Martin McGuinness of Sinn Fein said those responsible were "the enemies of the peace process" and called on them to desist. The "Real IRA" is supposedly on cease-fire since its Omagh bombing, which killed 29 people.

Police said they had no advance warning of the blast and the alert was only raised by local residents who noticed two people behaving suspiciously. The damage caused was mostly to civilian houses. The RUC station was only slightly damaged. The bomb contained 250 pounds of home-made explosive.

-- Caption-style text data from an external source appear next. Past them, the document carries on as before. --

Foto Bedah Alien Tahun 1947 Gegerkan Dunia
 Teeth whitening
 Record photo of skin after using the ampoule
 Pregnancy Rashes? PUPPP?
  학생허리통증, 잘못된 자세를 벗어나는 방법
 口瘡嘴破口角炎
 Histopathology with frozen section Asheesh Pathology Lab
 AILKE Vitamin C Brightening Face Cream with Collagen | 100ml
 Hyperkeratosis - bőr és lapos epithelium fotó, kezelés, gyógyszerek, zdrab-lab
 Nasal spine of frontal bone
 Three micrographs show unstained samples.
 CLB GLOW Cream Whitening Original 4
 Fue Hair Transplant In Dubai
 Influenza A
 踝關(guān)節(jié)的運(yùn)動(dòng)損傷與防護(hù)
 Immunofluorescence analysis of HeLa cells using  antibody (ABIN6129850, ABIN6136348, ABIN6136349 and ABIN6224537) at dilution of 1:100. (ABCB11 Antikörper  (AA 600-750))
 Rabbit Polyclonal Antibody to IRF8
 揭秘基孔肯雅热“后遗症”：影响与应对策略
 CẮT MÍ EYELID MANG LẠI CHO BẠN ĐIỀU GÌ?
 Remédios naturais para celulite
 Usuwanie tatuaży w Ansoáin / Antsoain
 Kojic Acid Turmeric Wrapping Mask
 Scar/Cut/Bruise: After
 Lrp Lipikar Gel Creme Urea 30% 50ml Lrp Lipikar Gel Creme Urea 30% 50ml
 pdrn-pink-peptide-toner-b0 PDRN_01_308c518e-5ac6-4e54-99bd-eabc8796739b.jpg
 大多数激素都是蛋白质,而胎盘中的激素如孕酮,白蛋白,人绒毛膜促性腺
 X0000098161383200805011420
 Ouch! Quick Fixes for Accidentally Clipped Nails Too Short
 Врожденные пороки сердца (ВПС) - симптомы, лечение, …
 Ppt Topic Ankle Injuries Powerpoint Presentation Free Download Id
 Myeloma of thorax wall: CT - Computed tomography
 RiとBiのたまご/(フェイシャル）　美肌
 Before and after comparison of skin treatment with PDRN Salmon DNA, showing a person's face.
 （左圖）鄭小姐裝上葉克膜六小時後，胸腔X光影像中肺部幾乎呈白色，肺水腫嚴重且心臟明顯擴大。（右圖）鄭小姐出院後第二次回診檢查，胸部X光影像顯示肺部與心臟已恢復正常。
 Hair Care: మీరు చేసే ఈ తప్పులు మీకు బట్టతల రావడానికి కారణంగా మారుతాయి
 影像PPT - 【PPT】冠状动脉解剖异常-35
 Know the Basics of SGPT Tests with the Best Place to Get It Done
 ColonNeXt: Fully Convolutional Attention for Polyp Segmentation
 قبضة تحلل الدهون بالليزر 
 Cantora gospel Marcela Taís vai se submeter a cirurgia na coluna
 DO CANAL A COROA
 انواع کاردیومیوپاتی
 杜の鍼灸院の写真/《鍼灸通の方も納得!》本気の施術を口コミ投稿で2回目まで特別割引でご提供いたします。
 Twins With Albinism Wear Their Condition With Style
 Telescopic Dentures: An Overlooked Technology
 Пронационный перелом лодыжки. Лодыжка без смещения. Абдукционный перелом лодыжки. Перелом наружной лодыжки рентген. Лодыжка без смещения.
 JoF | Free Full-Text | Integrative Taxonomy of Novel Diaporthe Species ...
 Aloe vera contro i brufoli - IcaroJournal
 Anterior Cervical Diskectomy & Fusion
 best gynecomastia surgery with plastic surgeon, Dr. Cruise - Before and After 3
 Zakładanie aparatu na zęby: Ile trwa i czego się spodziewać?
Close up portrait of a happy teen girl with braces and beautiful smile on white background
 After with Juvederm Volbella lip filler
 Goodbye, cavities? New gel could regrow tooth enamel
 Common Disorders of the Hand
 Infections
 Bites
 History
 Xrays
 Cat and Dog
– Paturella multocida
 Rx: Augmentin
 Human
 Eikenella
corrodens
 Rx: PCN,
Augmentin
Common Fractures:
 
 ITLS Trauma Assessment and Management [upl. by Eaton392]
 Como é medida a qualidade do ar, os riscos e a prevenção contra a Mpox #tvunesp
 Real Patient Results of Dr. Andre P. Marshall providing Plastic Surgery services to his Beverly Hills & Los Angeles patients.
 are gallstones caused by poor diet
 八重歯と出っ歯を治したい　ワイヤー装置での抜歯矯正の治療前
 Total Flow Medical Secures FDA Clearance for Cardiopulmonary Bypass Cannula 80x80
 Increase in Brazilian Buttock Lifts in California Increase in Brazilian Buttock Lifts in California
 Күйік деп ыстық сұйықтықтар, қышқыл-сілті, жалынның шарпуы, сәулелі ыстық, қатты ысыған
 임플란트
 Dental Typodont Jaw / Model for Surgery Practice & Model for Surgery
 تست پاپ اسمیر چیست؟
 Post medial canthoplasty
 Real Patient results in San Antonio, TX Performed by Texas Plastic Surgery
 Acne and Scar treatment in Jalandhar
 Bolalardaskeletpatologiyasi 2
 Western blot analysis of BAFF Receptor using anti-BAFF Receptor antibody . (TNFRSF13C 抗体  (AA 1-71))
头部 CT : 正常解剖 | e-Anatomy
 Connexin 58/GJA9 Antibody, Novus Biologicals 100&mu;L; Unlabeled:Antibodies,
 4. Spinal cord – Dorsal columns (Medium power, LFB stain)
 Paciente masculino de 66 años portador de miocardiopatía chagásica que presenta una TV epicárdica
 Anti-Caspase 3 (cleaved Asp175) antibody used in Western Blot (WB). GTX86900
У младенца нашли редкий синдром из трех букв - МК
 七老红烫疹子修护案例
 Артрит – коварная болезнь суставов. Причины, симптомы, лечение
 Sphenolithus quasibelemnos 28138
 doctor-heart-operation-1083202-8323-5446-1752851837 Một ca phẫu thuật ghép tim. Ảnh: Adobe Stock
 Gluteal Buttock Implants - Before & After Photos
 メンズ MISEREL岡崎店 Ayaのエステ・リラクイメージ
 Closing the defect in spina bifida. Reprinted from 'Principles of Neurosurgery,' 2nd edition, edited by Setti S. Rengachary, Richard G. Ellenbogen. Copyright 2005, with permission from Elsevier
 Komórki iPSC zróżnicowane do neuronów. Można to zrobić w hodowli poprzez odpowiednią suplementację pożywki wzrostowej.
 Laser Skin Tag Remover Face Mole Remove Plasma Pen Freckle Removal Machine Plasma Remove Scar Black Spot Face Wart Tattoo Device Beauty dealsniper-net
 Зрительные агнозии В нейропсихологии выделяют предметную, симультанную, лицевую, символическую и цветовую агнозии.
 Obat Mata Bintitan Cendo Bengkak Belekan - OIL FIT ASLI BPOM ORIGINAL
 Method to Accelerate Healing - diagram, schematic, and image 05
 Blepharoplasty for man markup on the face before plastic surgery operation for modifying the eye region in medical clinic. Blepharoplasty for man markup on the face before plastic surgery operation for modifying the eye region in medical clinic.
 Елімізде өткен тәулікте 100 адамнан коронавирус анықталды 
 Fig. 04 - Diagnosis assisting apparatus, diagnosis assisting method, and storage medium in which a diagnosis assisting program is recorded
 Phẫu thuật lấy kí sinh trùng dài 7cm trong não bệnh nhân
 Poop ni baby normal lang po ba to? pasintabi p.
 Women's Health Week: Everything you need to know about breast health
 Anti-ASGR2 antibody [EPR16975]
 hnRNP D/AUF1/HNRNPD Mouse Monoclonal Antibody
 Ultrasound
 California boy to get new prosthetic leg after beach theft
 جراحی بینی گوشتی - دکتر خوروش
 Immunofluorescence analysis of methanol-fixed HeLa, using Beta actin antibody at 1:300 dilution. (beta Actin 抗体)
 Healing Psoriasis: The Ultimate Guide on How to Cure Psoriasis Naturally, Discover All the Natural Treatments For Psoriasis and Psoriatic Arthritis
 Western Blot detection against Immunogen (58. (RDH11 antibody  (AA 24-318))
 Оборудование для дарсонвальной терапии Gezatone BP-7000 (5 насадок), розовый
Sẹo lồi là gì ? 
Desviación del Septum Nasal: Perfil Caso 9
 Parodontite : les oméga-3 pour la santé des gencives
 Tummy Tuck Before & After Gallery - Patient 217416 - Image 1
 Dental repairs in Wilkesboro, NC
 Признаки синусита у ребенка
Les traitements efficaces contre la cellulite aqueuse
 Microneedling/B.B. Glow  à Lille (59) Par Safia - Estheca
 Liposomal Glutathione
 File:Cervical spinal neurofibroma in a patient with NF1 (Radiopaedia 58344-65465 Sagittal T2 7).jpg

Meanwhile, on Saturday, a group of children escaped injury when they found a loyalist pipe bomb hidden near a playground in Armagh. An 11-year-old boy played with the bomb for over an hour, bouncing it off a wall before handing it over to an adult.

The device, a 10-inch piece of pipe filled with explosives, blew up while British army bomb disposal experts were trying to make it safe. No one was injured. In another sign of increased loyalist activity, a submachine gun and 90 rounds of ammunition were found in a loyalist part of Lurgan, Co. Armagh.